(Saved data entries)
Segment Open

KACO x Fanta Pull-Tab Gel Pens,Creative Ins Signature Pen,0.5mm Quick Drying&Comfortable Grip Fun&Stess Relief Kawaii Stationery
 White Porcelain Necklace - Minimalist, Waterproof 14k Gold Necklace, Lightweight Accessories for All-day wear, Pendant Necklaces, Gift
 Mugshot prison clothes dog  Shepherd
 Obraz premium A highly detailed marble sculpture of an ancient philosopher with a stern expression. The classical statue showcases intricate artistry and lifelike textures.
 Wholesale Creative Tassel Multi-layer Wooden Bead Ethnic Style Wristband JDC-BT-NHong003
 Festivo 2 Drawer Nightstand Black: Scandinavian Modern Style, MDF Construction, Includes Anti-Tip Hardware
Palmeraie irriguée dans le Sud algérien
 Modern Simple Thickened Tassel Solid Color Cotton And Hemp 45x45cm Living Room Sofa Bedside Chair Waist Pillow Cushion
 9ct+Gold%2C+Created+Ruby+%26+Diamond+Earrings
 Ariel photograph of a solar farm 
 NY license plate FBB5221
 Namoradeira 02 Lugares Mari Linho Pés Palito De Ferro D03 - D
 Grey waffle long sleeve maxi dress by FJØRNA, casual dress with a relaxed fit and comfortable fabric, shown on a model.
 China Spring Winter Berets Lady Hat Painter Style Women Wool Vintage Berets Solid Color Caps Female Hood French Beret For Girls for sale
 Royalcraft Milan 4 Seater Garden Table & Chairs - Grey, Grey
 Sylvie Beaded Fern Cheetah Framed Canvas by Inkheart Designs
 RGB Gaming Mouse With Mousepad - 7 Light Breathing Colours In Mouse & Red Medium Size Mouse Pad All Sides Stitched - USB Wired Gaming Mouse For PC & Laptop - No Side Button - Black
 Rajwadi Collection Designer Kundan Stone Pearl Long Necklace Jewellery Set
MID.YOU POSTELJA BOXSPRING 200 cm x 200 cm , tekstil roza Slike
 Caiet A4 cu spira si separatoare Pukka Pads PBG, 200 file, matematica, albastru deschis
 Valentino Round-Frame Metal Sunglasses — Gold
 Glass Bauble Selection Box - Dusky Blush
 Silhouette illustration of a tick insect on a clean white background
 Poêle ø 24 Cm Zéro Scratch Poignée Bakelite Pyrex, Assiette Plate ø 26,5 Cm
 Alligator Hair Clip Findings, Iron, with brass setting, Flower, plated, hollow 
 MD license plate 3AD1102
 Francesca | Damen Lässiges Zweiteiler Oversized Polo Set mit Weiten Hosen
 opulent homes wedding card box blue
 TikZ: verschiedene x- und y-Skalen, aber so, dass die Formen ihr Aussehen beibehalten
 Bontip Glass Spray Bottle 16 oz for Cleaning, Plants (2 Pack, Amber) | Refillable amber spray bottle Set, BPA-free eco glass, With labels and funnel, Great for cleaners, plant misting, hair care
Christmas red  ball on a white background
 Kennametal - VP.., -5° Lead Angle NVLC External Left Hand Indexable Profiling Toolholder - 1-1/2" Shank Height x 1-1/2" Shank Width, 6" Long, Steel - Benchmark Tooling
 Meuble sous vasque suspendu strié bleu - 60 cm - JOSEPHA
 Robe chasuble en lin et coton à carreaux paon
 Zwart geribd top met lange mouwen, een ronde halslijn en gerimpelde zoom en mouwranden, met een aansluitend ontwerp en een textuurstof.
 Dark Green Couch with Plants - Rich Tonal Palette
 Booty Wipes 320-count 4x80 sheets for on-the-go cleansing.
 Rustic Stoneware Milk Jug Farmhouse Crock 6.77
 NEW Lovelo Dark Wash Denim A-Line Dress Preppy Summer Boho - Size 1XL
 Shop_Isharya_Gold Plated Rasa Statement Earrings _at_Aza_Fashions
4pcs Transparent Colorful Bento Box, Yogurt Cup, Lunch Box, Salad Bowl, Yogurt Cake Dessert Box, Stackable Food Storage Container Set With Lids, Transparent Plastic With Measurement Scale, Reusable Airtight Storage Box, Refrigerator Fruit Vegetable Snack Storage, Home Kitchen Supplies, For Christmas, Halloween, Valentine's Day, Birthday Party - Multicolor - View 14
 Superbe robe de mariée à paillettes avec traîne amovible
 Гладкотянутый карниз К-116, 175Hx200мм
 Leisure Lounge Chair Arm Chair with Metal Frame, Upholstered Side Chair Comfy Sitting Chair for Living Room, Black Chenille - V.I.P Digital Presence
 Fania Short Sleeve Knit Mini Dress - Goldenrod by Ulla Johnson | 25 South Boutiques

Segment Closed

*ASSIGNMENT*. Word for word, output the records that appear above.

*EXERCISE RESPONSE*.
KACO x Fanta Pull-Tab Gel Pens,Creative Ins Signature Pen,0.5mm Quick Drying&Comfortable Grip Fun&Stess Relief Kawaii Stationery
 White Porcelain Necklace - Minimalist, Waterproof 14k Gold Necklace, Lightweight Accessories for All-day wear, Pendant Necklaces, Gift
 Mugshot prison clothes dog  Shepherd
 Obraz premium A highly detailed marble sculpture of an ancient philosopher with a stern expression. The classical statue showcases intricate artistry and lifelike textures.
 Wholesale Creative Tassel Multi-layer Wooden Bead Ethnic Style Wristband JDC-BT-NHong003
 Festivo 2 Drawer Nightstand Black: Scandinavian Modern Style, MDF Construction, Includes Anti-Tip Hardware
Palmeraie irriguée dans le Sud algérien
 Modern Simple Thickened Tassel Solid Color Cotton And Hemp 45x45cm Living Room Sofa Bedside Chair Waist Pillow Cushion
 9ct+Gold%2C+Created+Ruby+%26+Diamond+Earrings
 Ariel photograph of a solar farm 
 NY license plate FBB5221
 Namoradeira 02 Lugares Mari Linho Pés Palito De Ferro D03 - D
 Grey waffle long sleeve maxi dress by FJØRNA, casual dress with a relaxed fit and comfortable fabric, shown on a model.
 China Spring Winter Berets Lady Hat Painter Style Women Wool Vintage Berets Solid Color Caps Female Hood French Beret For Girls for sale
 Royalcraft Milan 4 Seater Garden Table & Chairs - Grey, Grey
 Sylvie Beaded Fern Cheetah Framed Canvas by Inkheart Designs
 RGB Gaming Mouse With Mousepad - 7 Light Breathing Colours In Mouse & Red Medium Size Mouse Pad All Sides Stitched - USB Wired Gaming Mouse For PC & Laptop - No Side Button - Black
 Rajwadi Collection Designer Kundan Stone Pearl Long Necklace Jewellery Set
MID.YOU POSTELJA BOXSPRING 200 cm x 200 cm , tekstil roza Slike
 Caiet A4 cu spira si separatoare Pukka Pads PBG, 200 file, matematica, albastru deschis
 Valentino Round-Frame Metal Sunglasses — Gold
 Glass Bauble Selection Box - Dusky Blush
 Silhouette illustration of a tick insect on a clean white background
 Poêle ø 24 Cm Zéro Scratch Poignée Bakelite Pyrex, Assiette Plate ø 26,5 Cm
 Alligator Hair Clip Findings, Iron, with brass setting, Flower, plated, hollow 
 MD license plate 3AD1102
 Francesca | Damen Lässiges Zweiteiler Oversized Polo Set mit Weiten Hosen
 opulent homes wedding card box blue
 TikZ: verschiedene x- und y-Skalen, aber so, dass die Formen ihr Aussehen beibehalten
 Bontip Glass Spray Bottle 16 oz for Cleaning, Plants (2 Pack, Amber) | Refillable amber spray bottle Set, BPA-free eco glass, With labels and funnel, Great for cleaners, plant misting, hair care
Christmas red  ball on a white background
 Kennametal - VP.., -5° Lead Angle NVLC External Left Hand Indexable Profiling Toolholder - 1-1/2" Shank Height x 1-1/2" Shank Width, 6" Long, Steel - Benchmark Tooling
 Meuble sous vasque suspendu strié bleu - 60 cm - JOSEPHA
 Robe chasuble en lin et coton à carreaux paon
 Zwart geribd top met lange mouwen, een ronde halslijn en gerimpelde zoom en mouwranden, met een aansluitend ontwerp en een textuurstof.
 Dark Green Couch with Plants - Rich Tonal Palette
 Booty Wipes 320-count 4x80 sheets for on-the-go cleansing.
 Rustic Stoneware Milk Jug Farmhouse Crock 6.77
 NEW Lovelo Dark Wash Denim A-Line Dress Preppy Summer Boho - Size 1XL
 Shop_Isharya_Gold Plated Rasa Statement Earrings _at_Aza_Fashions
4pcs Transparent Colorful Bento Box, Yogurt Cup, Lunch Box, Salad Bowl, Yogurt Cake Dessert Box, Stackable Food Storage Container Set With Lids, Transparent Plastic With Measurement Scale, Reusable Airtight Storage Box, Refrigerator Fruit Vegetable Snack Storage, Home Kitchen Supplies, For Christmas, Halloween, Valentine's Day, Birthday Party - Multicolor - View 14
 Superbe robe de mariée à paillettes avec traîne amovible
 Гладкотянутый карниз К-116, 175Hx200мм
 Leisure Lounge Chair Arm Chair with Metal Frame, Upholstered Side Chair Comfy Sitting Chair for Living Room, Black Chenille - V.I.P Digital Presence
 Fania Short Sleeve Knit Mini Dress - Goldenrod by Ulla Johnson | 25 South Boutiques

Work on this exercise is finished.